Exercise input —
*****

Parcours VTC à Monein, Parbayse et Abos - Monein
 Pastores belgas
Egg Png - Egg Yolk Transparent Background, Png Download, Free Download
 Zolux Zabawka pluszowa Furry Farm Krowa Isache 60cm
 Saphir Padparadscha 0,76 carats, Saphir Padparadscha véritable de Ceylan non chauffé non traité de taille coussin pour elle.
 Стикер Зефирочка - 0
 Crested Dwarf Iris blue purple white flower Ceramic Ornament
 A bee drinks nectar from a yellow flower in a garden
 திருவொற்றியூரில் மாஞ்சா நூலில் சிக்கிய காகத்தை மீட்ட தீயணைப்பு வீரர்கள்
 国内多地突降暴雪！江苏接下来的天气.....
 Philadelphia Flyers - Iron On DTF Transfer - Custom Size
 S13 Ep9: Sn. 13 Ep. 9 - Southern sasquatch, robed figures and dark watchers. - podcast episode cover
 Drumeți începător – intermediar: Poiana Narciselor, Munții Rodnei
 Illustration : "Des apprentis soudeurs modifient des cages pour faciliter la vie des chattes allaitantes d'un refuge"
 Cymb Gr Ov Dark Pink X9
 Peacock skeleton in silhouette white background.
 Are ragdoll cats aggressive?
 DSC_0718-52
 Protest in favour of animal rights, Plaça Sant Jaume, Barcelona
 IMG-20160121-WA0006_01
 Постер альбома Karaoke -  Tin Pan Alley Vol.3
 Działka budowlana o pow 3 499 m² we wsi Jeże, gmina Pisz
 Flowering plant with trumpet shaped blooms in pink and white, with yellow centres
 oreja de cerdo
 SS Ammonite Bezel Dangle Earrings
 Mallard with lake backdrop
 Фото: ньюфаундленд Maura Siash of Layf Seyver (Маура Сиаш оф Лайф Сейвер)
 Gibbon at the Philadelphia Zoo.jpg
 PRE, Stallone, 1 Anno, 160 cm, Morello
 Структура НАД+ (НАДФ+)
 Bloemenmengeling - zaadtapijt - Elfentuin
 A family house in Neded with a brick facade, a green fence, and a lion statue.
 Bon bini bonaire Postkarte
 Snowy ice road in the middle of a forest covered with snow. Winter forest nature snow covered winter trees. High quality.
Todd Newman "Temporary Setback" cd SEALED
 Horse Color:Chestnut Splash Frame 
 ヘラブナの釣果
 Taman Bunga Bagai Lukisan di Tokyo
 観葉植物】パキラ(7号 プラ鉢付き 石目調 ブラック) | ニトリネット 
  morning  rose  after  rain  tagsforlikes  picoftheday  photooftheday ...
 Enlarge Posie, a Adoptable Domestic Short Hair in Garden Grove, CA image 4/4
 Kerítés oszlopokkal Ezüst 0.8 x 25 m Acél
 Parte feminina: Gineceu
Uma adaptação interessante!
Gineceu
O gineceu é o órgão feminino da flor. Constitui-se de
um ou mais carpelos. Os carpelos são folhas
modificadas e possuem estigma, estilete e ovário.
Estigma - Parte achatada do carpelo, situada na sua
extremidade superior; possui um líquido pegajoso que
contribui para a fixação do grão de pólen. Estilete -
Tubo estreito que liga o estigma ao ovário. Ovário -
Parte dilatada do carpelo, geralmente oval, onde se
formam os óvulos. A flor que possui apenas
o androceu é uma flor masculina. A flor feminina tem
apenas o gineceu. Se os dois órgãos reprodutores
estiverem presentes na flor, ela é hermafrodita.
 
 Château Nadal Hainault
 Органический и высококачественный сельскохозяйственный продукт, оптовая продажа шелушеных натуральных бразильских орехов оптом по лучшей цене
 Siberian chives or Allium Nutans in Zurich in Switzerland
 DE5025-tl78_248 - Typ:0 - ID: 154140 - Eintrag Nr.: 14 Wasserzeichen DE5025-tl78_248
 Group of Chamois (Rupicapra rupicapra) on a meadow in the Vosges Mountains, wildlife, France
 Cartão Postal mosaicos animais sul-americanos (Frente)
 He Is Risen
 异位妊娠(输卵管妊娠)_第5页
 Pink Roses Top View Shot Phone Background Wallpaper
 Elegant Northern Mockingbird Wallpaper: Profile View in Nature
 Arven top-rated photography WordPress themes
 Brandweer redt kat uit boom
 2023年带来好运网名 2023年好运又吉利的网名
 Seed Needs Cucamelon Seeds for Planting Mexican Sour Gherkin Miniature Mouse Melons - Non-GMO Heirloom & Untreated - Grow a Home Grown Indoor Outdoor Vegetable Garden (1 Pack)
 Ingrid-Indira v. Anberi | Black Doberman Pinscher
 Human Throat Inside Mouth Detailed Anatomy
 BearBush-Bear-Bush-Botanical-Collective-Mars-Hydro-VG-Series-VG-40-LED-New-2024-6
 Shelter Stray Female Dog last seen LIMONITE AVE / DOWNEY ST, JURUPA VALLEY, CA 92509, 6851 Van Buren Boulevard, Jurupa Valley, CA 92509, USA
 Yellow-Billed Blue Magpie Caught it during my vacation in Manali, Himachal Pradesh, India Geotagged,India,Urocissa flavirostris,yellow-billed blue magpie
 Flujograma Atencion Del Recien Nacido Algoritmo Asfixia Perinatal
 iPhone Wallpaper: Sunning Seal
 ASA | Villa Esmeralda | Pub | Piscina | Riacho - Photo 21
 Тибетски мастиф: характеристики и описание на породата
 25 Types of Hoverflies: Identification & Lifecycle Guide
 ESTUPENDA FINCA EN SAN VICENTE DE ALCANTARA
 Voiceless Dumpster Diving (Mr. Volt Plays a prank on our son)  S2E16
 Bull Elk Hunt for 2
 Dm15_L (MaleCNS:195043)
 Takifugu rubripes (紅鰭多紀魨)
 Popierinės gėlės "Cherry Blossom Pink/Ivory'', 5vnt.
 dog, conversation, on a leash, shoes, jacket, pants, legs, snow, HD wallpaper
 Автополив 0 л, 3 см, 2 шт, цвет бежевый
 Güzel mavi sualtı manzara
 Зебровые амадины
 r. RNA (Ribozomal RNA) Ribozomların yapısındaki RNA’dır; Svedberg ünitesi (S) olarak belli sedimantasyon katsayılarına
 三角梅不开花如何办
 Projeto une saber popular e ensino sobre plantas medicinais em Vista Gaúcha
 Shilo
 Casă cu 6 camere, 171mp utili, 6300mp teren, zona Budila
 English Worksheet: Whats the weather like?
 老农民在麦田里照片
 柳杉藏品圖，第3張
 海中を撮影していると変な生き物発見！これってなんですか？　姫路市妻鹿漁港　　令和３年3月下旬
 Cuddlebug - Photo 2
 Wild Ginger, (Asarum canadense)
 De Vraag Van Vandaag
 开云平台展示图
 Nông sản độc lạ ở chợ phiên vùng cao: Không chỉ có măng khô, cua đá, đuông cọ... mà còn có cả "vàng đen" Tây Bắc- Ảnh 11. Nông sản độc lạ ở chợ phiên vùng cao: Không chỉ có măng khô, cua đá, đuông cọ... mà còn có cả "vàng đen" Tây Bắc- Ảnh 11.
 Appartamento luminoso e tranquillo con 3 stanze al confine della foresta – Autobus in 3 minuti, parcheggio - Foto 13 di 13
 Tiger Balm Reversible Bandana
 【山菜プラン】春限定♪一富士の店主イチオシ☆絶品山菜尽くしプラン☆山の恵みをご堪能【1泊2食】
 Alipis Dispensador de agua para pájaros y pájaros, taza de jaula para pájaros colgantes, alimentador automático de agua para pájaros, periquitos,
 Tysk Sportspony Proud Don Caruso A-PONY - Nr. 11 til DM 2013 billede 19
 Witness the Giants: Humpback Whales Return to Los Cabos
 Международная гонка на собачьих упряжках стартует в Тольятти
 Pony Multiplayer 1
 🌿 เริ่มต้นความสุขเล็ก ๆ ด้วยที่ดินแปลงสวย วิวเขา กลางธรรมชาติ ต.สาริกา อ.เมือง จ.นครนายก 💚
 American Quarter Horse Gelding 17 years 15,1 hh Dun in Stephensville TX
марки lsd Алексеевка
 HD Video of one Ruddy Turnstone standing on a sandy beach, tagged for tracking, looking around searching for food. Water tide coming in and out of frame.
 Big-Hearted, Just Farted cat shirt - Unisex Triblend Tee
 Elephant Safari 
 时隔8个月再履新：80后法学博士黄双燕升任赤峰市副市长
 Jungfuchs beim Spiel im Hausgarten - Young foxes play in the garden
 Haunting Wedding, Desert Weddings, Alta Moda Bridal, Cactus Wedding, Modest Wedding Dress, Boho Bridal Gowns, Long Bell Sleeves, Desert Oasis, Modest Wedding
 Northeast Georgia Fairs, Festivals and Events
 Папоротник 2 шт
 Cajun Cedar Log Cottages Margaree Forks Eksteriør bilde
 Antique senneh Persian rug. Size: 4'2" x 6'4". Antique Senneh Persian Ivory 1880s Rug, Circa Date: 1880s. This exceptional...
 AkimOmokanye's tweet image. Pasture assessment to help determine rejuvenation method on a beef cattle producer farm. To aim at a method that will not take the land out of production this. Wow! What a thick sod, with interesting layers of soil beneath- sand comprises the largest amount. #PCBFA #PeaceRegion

*****

Activity —
Print, from the entries above, the line with "Protest in favour", the line with "Kerítés oszlopokkal Ezüst 0.8 x 25 m Acél" and all lines between them, exactly and with nothing else.

Answer space —
 Protest in favour of animal rights, Plaça Sant Jaume, Barcelona
 IMG-20160121-WA0006_01
 Постер альбома Karaoke -  Tin Pan Alley Vol.3
 Działka budowlana o pow 3 499 m² we wsi Jeże, gmina Pisz
 Flowering plant with trumpet shaped blooms in pink and white, with yellow centres
 oreja de cerdo
 SS Ammonite Bezel Dangle Earrings
 Mallard with lake backdrop
 Фото: ньюфаундленд Maura Siash of Layf Seyver (Маура Сиаш оф Лайф Сейвер)
 Gibbon at the Philadelphia Zoo.jpg
 PRE, Stallone, 1 Anno, 160 cm, Morello
 Структура НАД+ (НАДФ+)
 Bloemenmengeling - zaadtapijt - Elfentuin
 A family house in Neded with a brick facade, a green fence, and a lion statue.
 Bon bini bonaire Postkarte
 Snowy ice road in the middle of a forest covered with snow. Winter forest nature snow covered winter trees. High quality.
Todd Newman "Temporary Setback" cd SEALED
 Horse Color:Chestnut Splash Frame 
 ヘラブナの釣果
 Taman Bunga Bagai Lukisan di Tokyo
 観葉植物】パキラ(7号 プラ鉢付き 石目調 ブラック) | ニトリネット 
  morning  rose  after  rain  tagsforlikes  picoftheday  photooftheday ...
 Enlarge Posie, a Adoptable Domestic Short Hair in Garden Grove, CA image 4/4
 Kerítés oszlopokkal Ezüst 0.8 x 25 m Acél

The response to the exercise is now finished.